START Supplied entries
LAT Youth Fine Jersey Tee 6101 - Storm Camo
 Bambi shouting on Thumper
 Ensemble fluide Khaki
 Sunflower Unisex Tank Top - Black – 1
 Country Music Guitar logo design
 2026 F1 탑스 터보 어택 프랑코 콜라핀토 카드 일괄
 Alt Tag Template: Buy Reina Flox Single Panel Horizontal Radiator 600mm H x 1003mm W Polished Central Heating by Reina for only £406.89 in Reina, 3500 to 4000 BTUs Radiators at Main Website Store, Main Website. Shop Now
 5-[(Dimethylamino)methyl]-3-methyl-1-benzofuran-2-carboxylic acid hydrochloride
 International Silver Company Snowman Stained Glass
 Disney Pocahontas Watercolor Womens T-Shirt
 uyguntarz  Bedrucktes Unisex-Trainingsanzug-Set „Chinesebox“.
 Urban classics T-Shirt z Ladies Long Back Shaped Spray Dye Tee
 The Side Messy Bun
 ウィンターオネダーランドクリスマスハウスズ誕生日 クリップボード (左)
END Supplied entries
What you are asked to do: Report how many lines in the data contain the word "Shirt", with no words besides the number.

Solution: 2